● What is being asked
Scan the records below for the line containing "Labrador Hond Rijden" and the line containing "Blashe Smocked Waist Ruffle Mini Dress". Copy both, plus every line between, exactly.

● Given records

══════

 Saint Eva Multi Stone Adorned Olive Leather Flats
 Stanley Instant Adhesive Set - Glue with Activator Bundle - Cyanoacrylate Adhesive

══════

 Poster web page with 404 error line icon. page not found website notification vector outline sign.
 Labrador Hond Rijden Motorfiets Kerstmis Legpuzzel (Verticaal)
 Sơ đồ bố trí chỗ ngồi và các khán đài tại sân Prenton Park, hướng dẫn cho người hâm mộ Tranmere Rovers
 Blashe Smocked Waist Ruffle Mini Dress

══════

● Expected output
 Labrador Hond Rijden Motorfiets Kerstmis Legpuzzel (Verticaal)
 Sơ đồ bố trí chỗ ngồi và các khán đài tại sân Prenton Park, hướng dẫn cho người hâm mộ Tranmere Rovers
 Blashe Smocked Waist Ruffle Mini Dress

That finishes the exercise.